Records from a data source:
= = =
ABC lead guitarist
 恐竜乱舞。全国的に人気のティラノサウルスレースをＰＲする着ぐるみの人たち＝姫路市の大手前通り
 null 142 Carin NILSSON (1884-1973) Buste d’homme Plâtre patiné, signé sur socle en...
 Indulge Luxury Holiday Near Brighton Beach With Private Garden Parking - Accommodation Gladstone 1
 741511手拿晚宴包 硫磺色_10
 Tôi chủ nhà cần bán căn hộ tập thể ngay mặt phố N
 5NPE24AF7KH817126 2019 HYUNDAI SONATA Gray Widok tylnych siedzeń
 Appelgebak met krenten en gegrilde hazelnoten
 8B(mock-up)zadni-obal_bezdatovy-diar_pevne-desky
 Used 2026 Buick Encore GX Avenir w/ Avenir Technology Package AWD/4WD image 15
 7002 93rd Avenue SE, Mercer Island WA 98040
= = =
Each entry above should be repeated exactly, with no line left out.

ABC lead guitarist
 恐竜乱舞。全国的に人気のティラノサウルスレースをＰＲする着ぐるみの人たち＝姫路市の大手前通り
 null 142 Carin NILSSON (1884-1973) Buste d’homme Plâtre patiné, signé sur socle en...
 Indulge Luxury Holiday Near Brighton Beach With Private Garden Parking - Accommodation Gladstone 1
 741511手拿晚宴包 硫磺色_10
 Tôi chủ nhà cần bán căn hộ tập thể ngay mặt phố N
 5NPE24AF7KH817126 2019 HYUNDAI SONATA Gray Widok tylnych siedzeń
 Appelgebak met krenten en gegrilde hazelnoten
 8B(mock-up)zadni-obal_bezdatovy-diar_pevne-desky
 Used 2026 Buick Encore GX Avenir w/ Avenir Technology Package AWD/4WD image 15
 7002 93rd Avenue SE, Mercer Island WA 98040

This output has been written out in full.